• YOUR OBJECTIVE
Reproduce from the records below, with no pictures, exactly the lines between the one containing "AESTHETIC Axis Short" and the one containing "Пусть в вашем доме всегда цар", inclusive.

[[ GIVEN RECORDS, beginning ]]

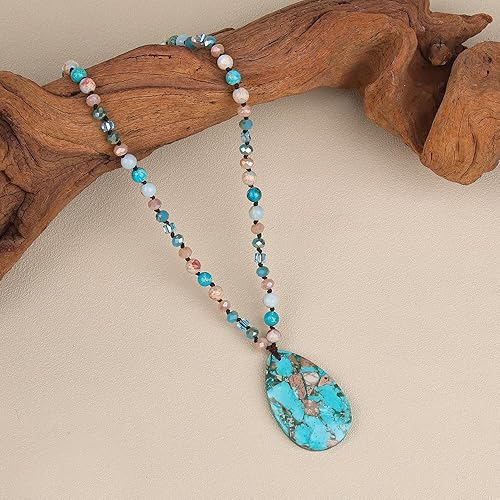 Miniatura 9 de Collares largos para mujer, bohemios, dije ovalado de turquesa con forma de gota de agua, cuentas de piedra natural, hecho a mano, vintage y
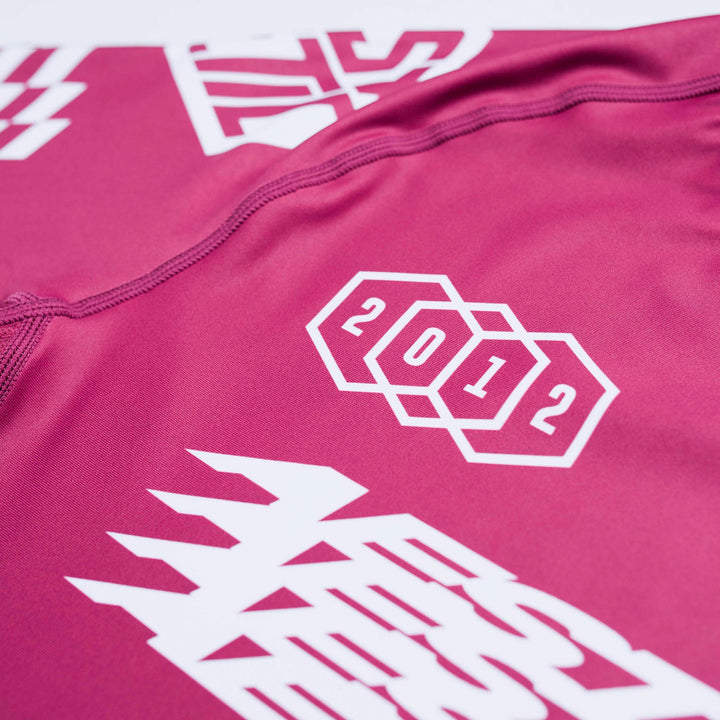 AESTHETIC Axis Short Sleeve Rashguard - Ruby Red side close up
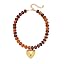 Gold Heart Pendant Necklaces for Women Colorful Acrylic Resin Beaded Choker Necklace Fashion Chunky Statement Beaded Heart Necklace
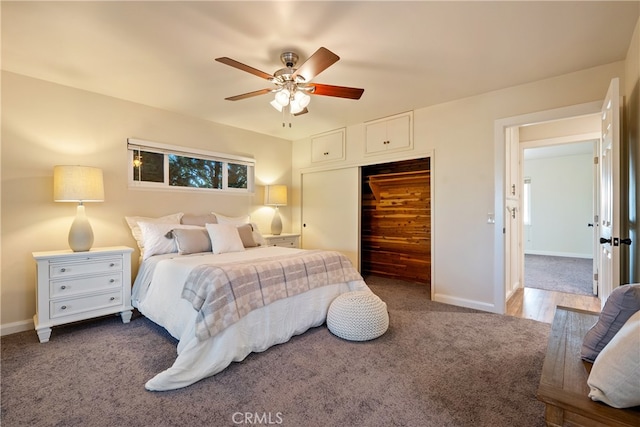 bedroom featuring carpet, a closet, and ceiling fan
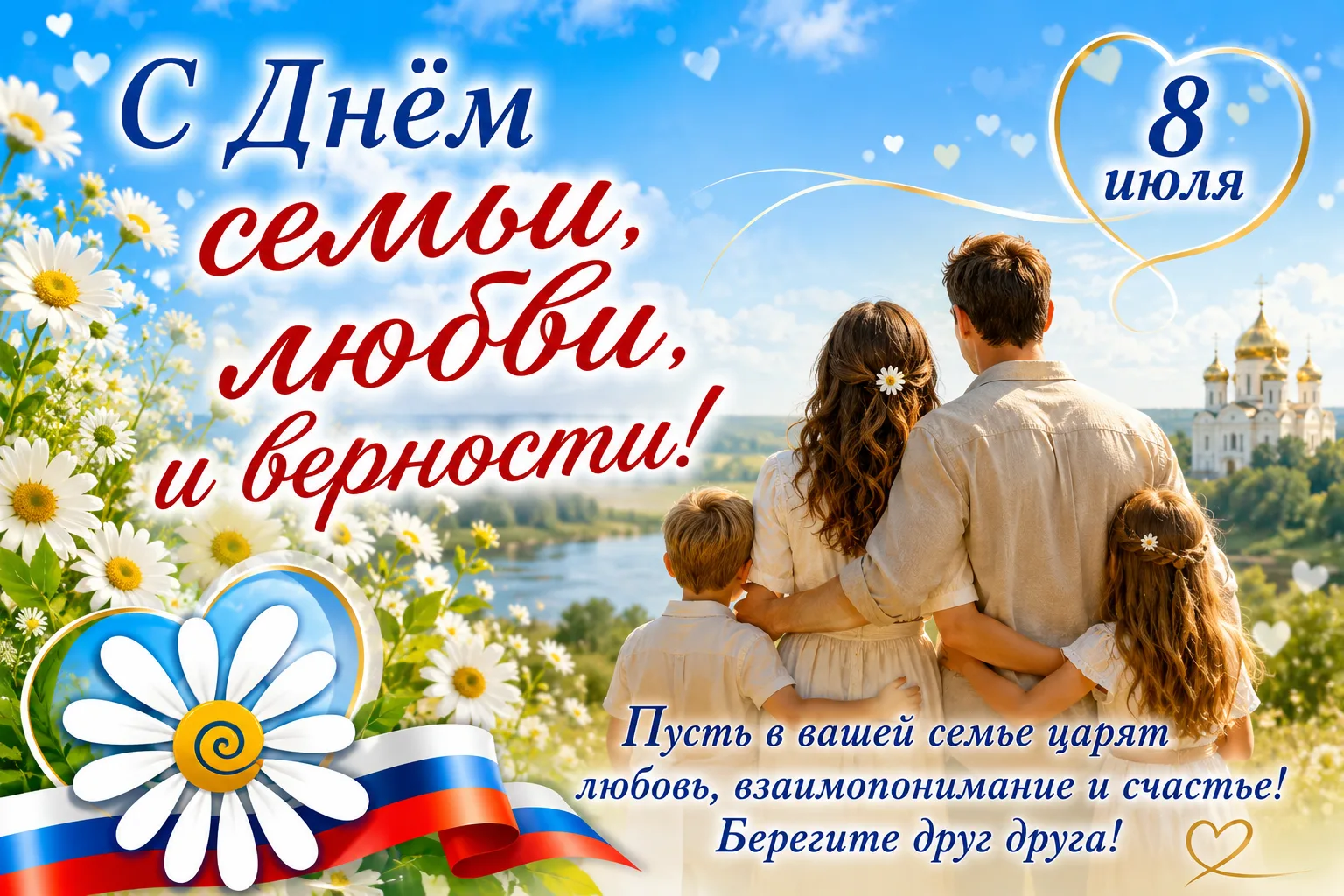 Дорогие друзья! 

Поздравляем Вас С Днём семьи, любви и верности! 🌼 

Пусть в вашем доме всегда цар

[[ GIVEN RECORDS, end ]]
[[ GIVEN RECORDS, beginning ]]

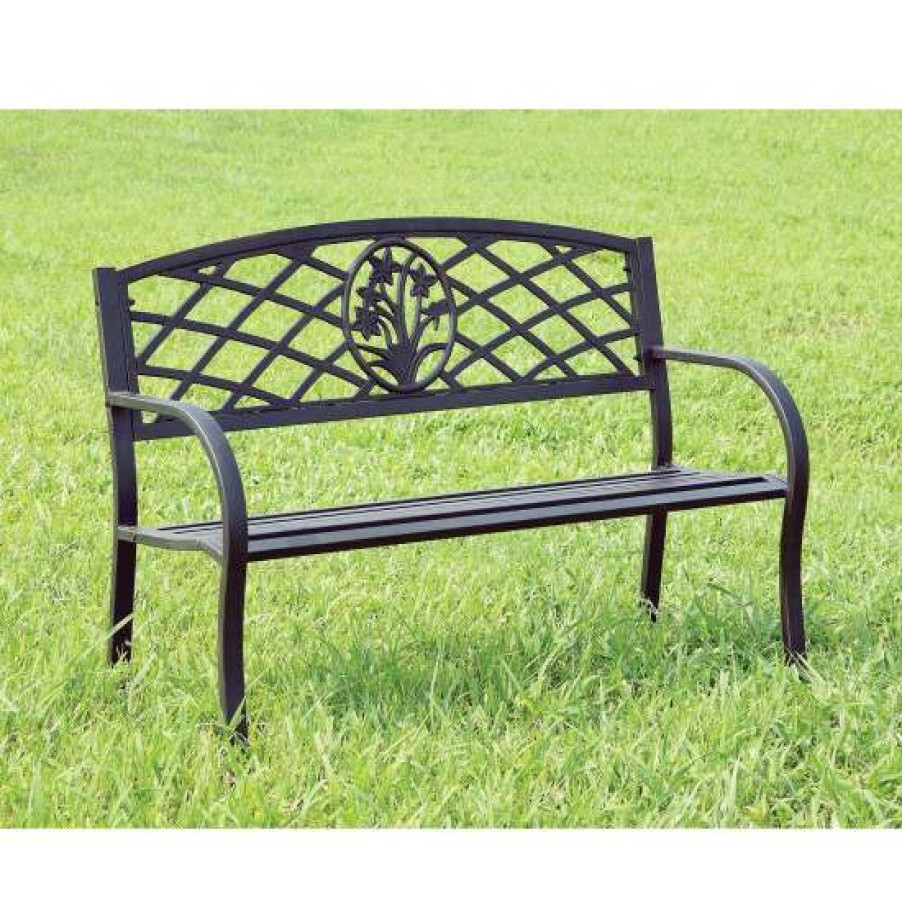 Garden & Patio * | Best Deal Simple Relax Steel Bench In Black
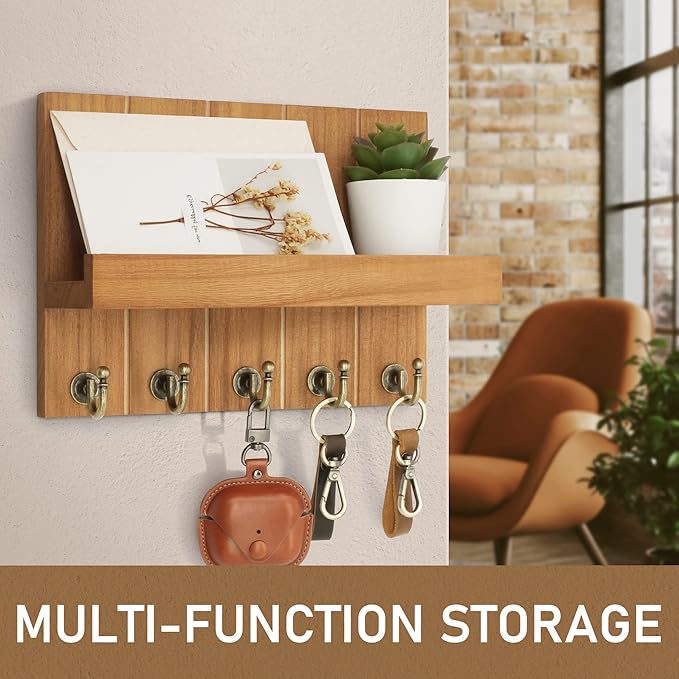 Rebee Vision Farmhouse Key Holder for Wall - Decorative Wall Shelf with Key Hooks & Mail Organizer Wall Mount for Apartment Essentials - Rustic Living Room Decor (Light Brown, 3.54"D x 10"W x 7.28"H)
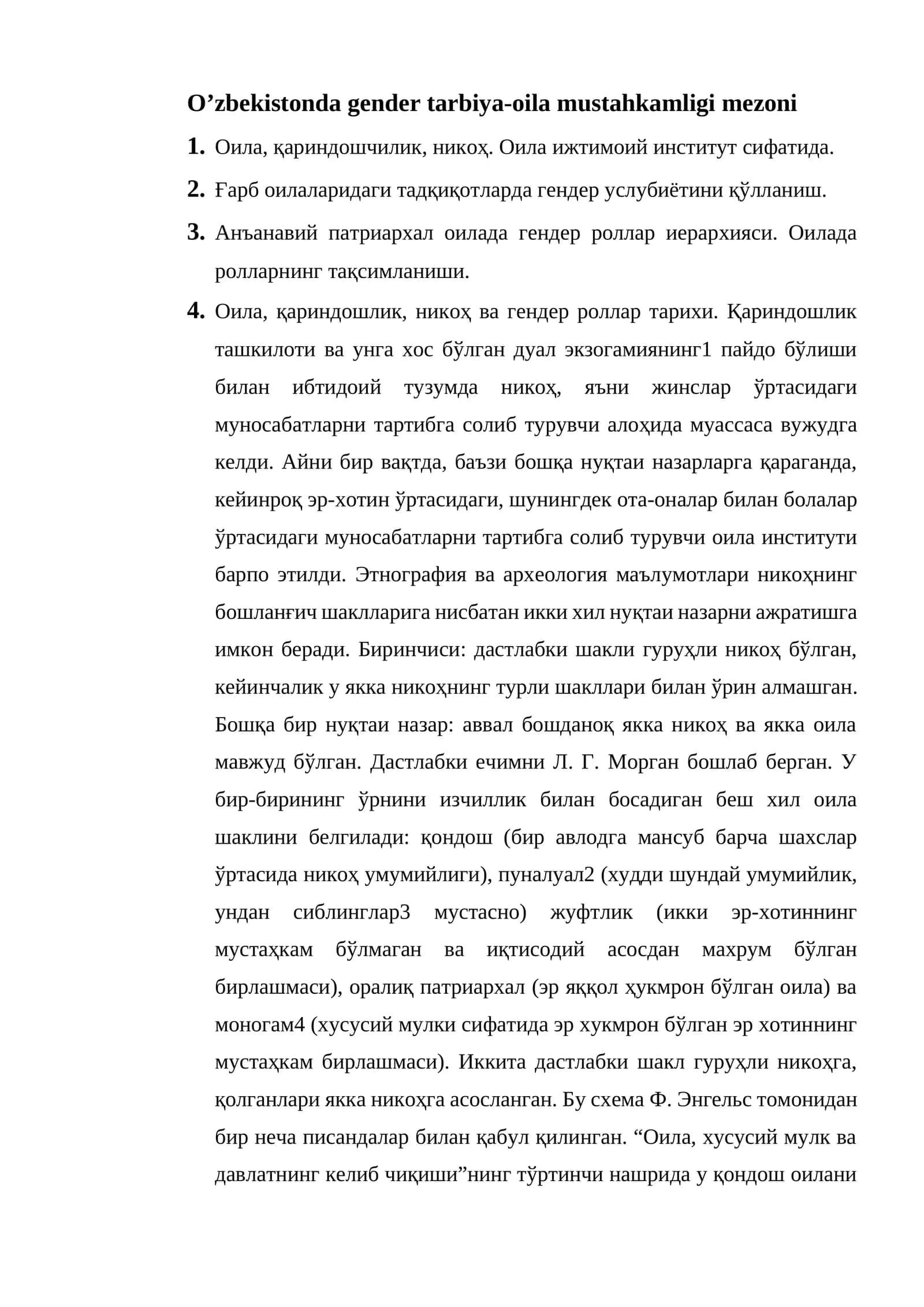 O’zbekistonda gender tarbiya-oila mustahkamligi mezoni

[[ GIVEN RECORDS, end ]]

• ANSWER SECTION
 AESTHETIC Axis Short Sleeve Rashguard - Ruby Red side close up
 Gold Heart Pendant Necklaces for Women Colorful Acrylic Resin Beaded Choker Necklace Fashion Chunky Statement Beaded Heart Necklace
 bedroom featuring carpet, a closet, and ceiling fan
 Дорогие друзья! 

Поздравляем Вас С Днём семьи, любви и верности! 🌼 

Пусть в вашем доме всегда цар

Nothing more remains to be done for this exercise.